Queue vs direct RPC: when to use which
RPC is for answers you need right now. Queues buffer load, decouple producers from consumers, and carry retries—when eventual processing is the real requirement.
Think of it like this:
- Direct RPC is raising your hand and waiting until the teacher answers—you do not move on until you hear the reply.
- A queue is dropping homework in the inbox: you get a quick “received,” and grading happens later while you leave the room.

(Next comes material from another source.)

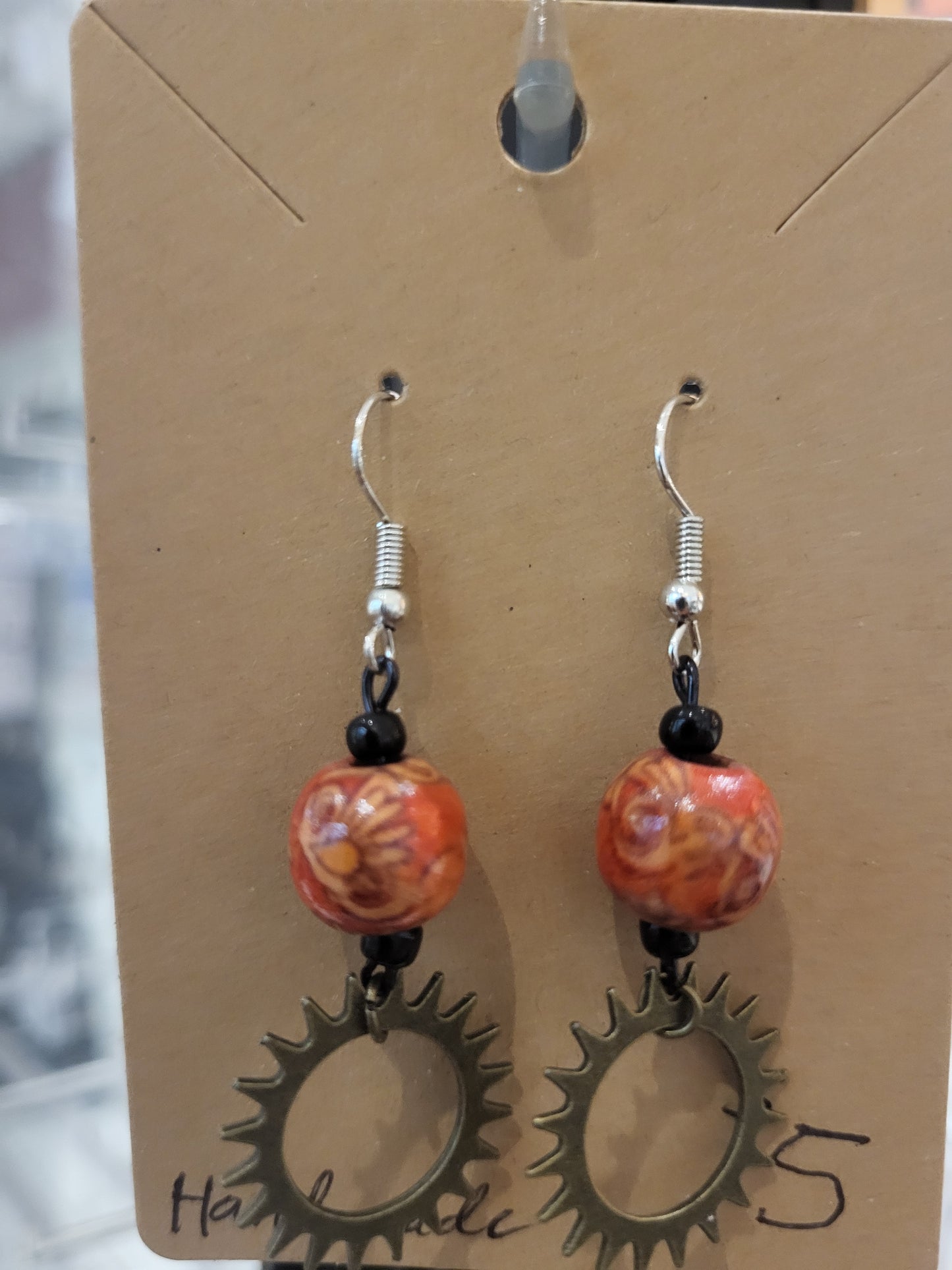 Handmade ornate red bead and sun gear earrings bottom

Both are legitimate. The mistake is using one when the problem shape wants the other—like using a blocking HttpClient call to Mailchimp in the middle of signup because “it is only one line of code.”
Direct RPC vs queue
Side-by-side
| Aspect | Direct RPC (REST, gRPC, …) | Queue (SQS, Rabbit, Kafka consumers, …) |
|---|---|---|
| What the caller does | Sends a request and waits for a response | Usually enqueues and can return quickly (ack / accept) |
| Time coupling | Caller and service are tied to the same moment | Producer and consumer can be offset in time |
| Load during spikes | Traffic hits the service thread / process directly | Traffic often lands in the buffer first |
| What you optimize for | Latency + simplicity of one round trip | Durability + smoothing + fan-out |
| Failure in your face | Immediate error to the caller | Retries, poison messages, DLQ—you design for it |
Use direct RPC when the answer drives the next step
If the UI or the next line of business logic cannot proceed without the payload, RPC is the honest tool.
Examples that almost always stay RPC-shaped:
- “Load
/profileso we can render the header.” - “Validate this session before we run the handler.”
- “What is the price for this cart snapshot?”
Characteristics: short, predictable, one hop (or a small bounded fan-out you still treat as one user-facing latency).
Use a queue when you only need to record intent
If the user story is “make sure this happens” rather than “tell me the result before I breathe,” a queue is usually right.
Examples:
- Welcome email after signup.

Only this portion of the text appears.